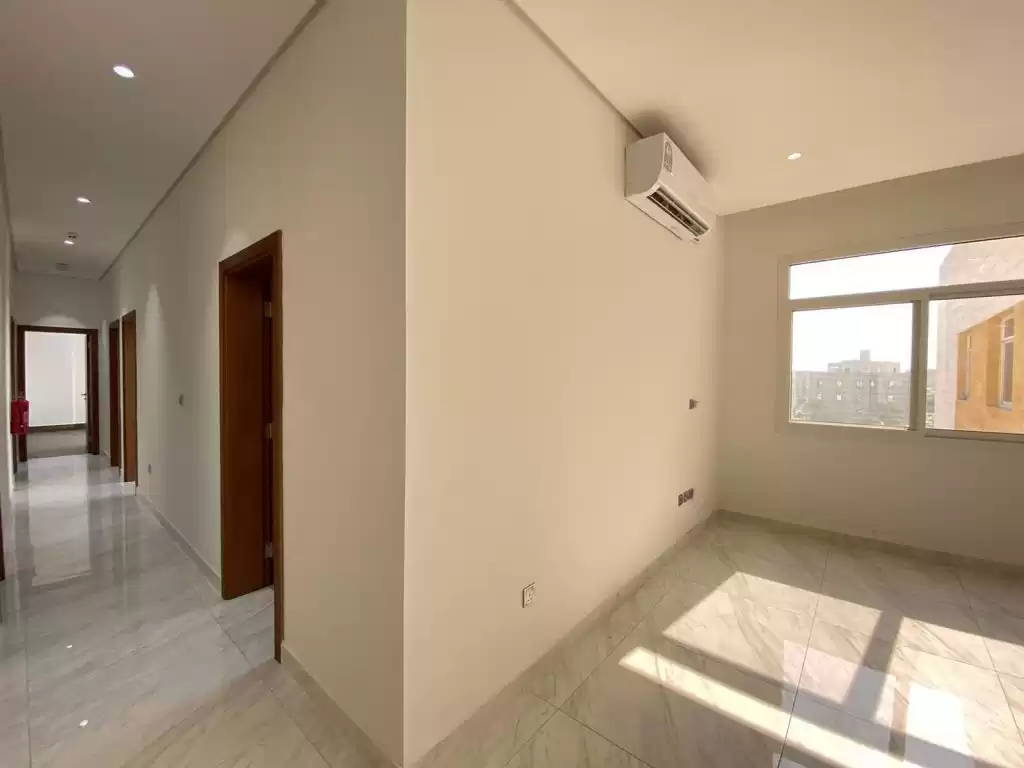 Residencial Listo Propiedad 3 dormitorios U / F Apartamento  alquiler en al-sad , Doha #12601 - 1  image 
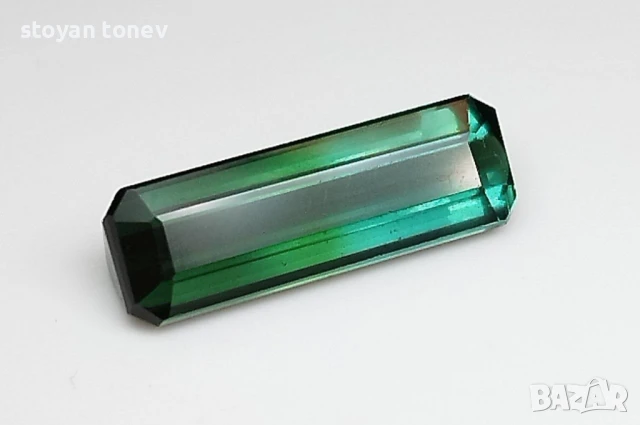 Великолепен двуцветен индиголит турмалин с VS чистота 5.55кт! Нов!, снимка 3 - Други - 50659351
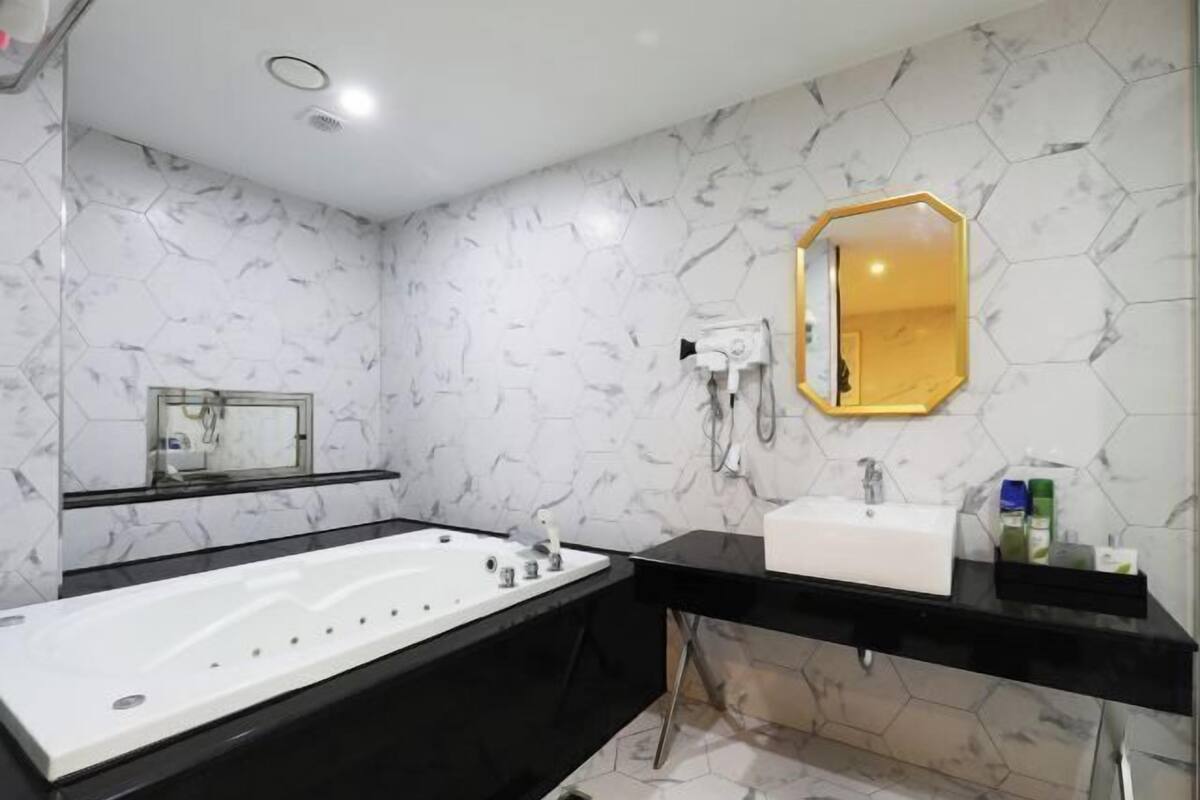 Bañera con ducha, artículos de tocador gratuitos, secador de pelo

## Problem to work on
Give the listing again word for word, but drop every picture.

## Task response
 Residencial Listo Propiedad 3 dormitorios U / F Apartamento  alquiler en al-sad , Doha #12601 - 1  image 
 Великолепен двуцветен индиголит турмалин с VS чистота 5.55кт! Нов!, снимка 3 - Други - 50659351
 Bañera con ducha, artículos de tocador gratuitos, secador de pelo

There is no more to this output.